Concert Classic
François LESUEUR
 
Mahler: Das Lied von der Erde, Paris, TCE, 23. Juni 2016
 
Deux en un
Daniele Gatti devait être aux commandes de cet ultime concert de la saison du Théâtre des Champs-Elysées, mais quelques jours après ses adieux à l’Orchestre National de Radio France (1), le maestro italien a laissé sa place à Jonathan Nott. Débuté par une exemplaire Ouverture de Coriolan, fougueuse et parsemée de détails rythmiques soulignés avec finesse par les timbres boisés du Philharmonique de Vienne, l’Orchestre donnait la pleine mesure de ses capiteuses sonorités et de sa légendaire ampleur dans Mort et transfiguration de Strauss. Jouant avec la matière, aiguisant les contrastes et les couleurs, le chef britannique a su maîtriser la progression dramatique de la partition et libérer progressivement les forces de sa phalange, selon une rigoureuse et implacable gradation.

La seconde partie, réservée à Mahler, était très attendue, puisqu’elle permettait d’entendre le célèbre cycle Das Lied von der Erde interprété par une seule voix, en l’occurrence celle du ténor-star Jonas Kaufmann. Alors que celui-ci s’apprête à aborder les Quatre derniers lieder de Strauss (dont l’exécution est prévue à l’issue d’une résidence au Barbican Center de Londres, en février 2017), composés pour soprano solo, le musicien a tenu à affronter cette œuvre-phare du répertoire, écrite pour deux voix distinctes (ténor/alto ou ténor/baryton) sur des poèmes de Hans Bethge, traduits ou adaptés du chinois et créée en 1911.

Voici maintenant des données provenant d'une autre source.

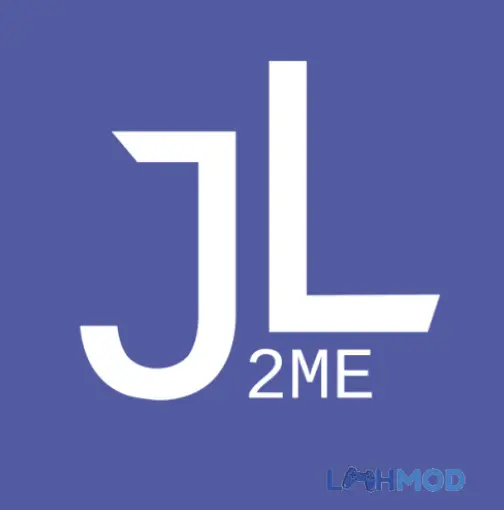 Ảnh 1 của Tải J2me Loader Mod Apk 1.7.5-play (Mở khóa All) cho Android iOs Giao diện J2me Loader Mod Apk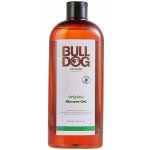 Bulldog Original sprchový gel 500 ml – Zboží Mobilmania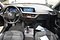 preview BMW 118 #2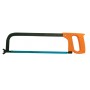 BOW FOR METAL PLASTIC HANDLE REF. 78720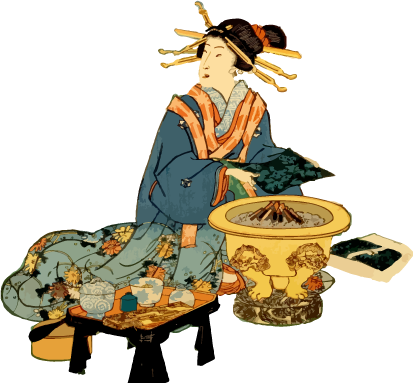 Thumbnail of post image 083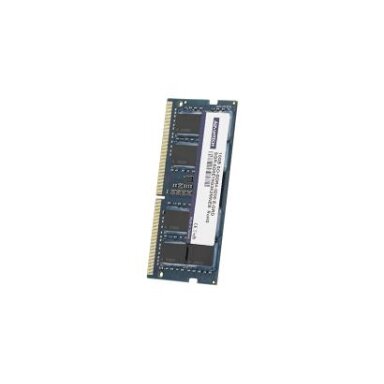 Advantech SQR-SD4E Ultra klasės SODIMM DDR4 2666/3200 Advantech SQR-SD4E Ultra klasės SODIMM DDR4 2666/3200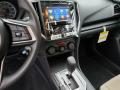 2019 Subaru Impreza 2.0i Premium 5-Door Photo 10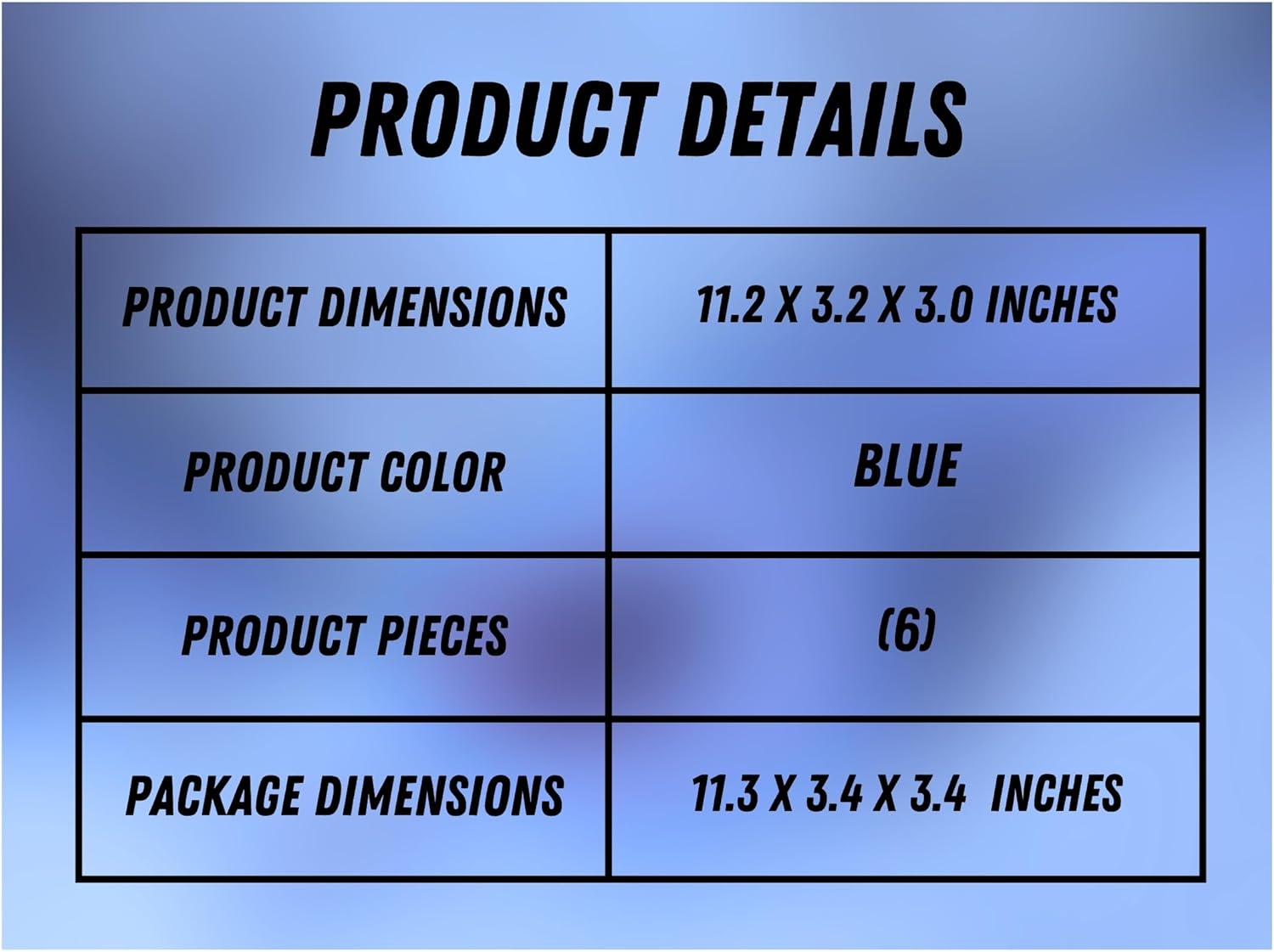 All-in-One Portable Dog Water Bottle, Food Dispenser, Poop Bag Dispenser, Dry/Wet Food Container 7 oz., Travel Water Bottle 9oz., 2 Poop Bags Included, Food Grade Plastic, Leak Proof-Blue Color - Image 8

Le timbre aux reflets cuivrés, le débit fluide et précis, l’intelligence du texte et la musicalité sont assurément là : comme toujours on sent dès les premières phrases qu’il ne s’agit pas d’un caprice, mais que le ténor a choisi cette partition parce qu’il la ressent très intimement et qu’il a eu besoin d’en pénétrer les arcanes avec méticulosité. Chevaleresque, la « Chanson à boire » introductive, ponctuée d’aigus vigoureux plonge l’auditeur dans une ivresse vocale insolente (Wunderlich et Vickers ne sont jamais loin). Pourtant, si le chanteur vient à bout du cycle - ce qui est déjà un exploit - malgré quelques notes écrasées dans le 4ème poème « Von der Schönheit », plus aisé dans la bouche d’une mezzo, le vaste format binaire qui constitue un panorama symbolique de la vie et de la mort voulu par Mahler à partir des textes de Bethge, n’est pas totalement rendu. L’aisance de Jonas Kaufmann, son art du contraste, son phrasé altier et ses nuances sont bien au rendez-vous, mais la difficulté de l’exercice qui l’oblige à lutter parfois contre la puissance de l’orchestre et sa durée (une heure), ont tout de même altéré sa résistance.

Après les réflexions introspectives, automnales et apolliniennes sur le souvenir passager de l’éveil érotique « Der Einsame im Herbst », le bavardage insouciant du jeune homme maniéré « Von der Jugend », la mélancolie de la jeunesse « Von der Schönheit » et enfin l’enivrement des fêtes de Dionysos « Der Trunkene im Frühling », le moment du départ « Der Abschied », devrait parvenir à dissiper les tensions polarisées par tout ce qui a précédé. Or, la division du matériel vocal, masculin/féminin n’ayant pas eu lieu, la voix quelque peu éprouvée du ténor, malgré toute sa beauté et son magnétisme, a fini par être absorbée par la musique ; à trop vouloir privilégier les instruments au détriment de l’invité d’honneur, le chef n’a pas offert le meilleur soutien au ténor, ce dernier très concentré, soucieux de conclure la partition et de tenir sur un filament de voix les fameux « Ewig » ne parvenant pas à nous bouleverser comme avant lui une Christa Ludwig (avec Klemperer en 1966), ou une Nan Merrimann (avec Jochum en 1963), totalement irréelles et suspendues entre ciel et terre.

Un autre chef que Nott à la tête d’une telle formation, aurait sans doute veillé à concilier cet équilibre et à accompagner ce soliste d’exception dans sa paisible extase lumineuse : gageons que l’enregistrement de studio prévu chez Sony le permettra.